Comparison for the nine months ended
The following table summarizes our results of operations:
Nine Months Ended September 30,
(in thousands) 2022 2021 Change
Revenue
Grant revenue $ 1,010 $ 7,335 $ (6,325 )
Product revenue, net 3,545 - 3,545
Total revenue, net 4,555 7,335 (2,780 )
Cost of product sold 6,059 - 6,059
Gross profit (loss) (1,504 ) 7,335 (8,839 )
Operating expenses:
Research and development 55,589 140,529 (84,940 )
Selling, general and administrative 29,933 30,102 (169 )
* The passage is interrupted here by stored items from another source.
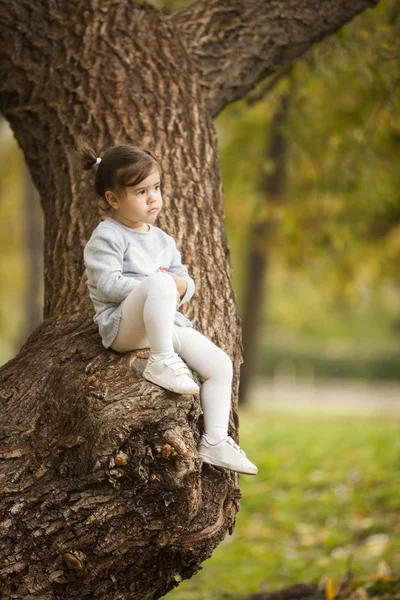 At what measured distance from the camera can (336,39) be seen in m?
5.65

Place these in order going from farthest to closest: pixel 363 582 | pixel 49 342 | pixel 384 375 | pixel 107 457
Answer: pixel 384 375 < pixel 363 582 < pixel 49 342 < pixel 107 457

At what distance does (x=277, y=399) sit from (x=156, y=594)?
51.7ft

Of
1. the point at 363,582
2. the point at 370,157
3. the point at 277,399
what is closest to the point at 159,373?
the point at 363,582

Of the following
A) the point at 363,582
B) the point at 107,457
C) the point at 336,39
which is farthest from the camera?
the point at 336,39

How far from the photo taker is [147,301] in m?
2.83

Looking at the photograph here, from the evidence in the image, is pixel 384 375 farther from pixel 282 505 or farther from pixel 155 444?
pixel 155 444

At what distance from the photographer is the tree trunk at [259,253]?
36.9 feet

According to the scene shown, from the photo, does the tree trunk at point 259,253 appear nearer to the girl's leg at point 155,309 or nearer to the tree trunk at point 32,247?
the tree trunk at point 32,247

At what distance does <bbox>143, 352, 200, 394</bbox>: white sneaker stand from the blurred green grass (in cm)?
288

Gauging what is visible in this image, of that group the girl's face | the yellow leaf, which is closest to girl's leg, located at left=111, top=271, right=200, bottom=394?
the girl's face

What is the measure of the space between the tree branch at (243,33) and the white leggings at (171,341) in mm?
2190

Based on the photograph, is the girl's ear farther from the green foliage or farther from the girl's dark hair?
the green foliage

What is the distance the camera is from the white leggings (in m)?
2.84

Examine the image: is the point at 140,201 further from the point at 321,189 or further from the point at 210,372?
the point at 321,189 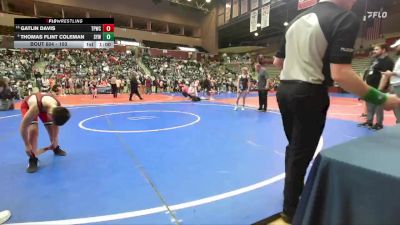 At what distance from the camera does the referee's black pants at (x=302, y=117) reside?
188cm

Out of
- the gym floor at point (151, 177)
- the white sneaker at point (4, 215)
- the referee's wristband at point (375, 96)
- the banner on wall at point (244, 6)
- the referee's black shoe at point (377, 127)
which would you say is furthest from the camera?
the banner on wall at point (244, 6)

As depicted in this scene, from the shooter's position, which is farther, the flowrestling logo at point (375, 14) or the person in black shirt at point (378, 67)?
the flowrestling logo at point (375, 14)

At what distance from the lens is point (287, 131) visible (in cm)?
224

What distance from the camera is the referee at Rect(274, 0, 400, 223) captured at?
154cm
Total operating expenses 85,522 170,631 (85,109 )
Loss from operations (87,026 ) (163,296 ) 76,270
Other income/(expense), net 943 (86 ) 1,029
Net loss and comprehensive loss $ (86,083 ) $ (163,382 ) $ 77,299
Grant revenue
Grant revenue for the nine months ended September 30, 2022 and 2021 relates to
the NIH grants and the RADx initiative. During the nine months ended September
30, 2022 , $0.7 million of revenue was recognized related to meeting milestones
under our RADx initiative and $0.3 million of revenue was recognized related to
our NIH grant. During the nine months ended September 30, 2021 , $7.0 million of
revenue was recognized related to the RADx initiative and $0.3 million was
recognized related to our NIH grant. The RADx initiative expired on January 30,
2022 .
Product revenue, net, cost of product sold and gross profit (loss)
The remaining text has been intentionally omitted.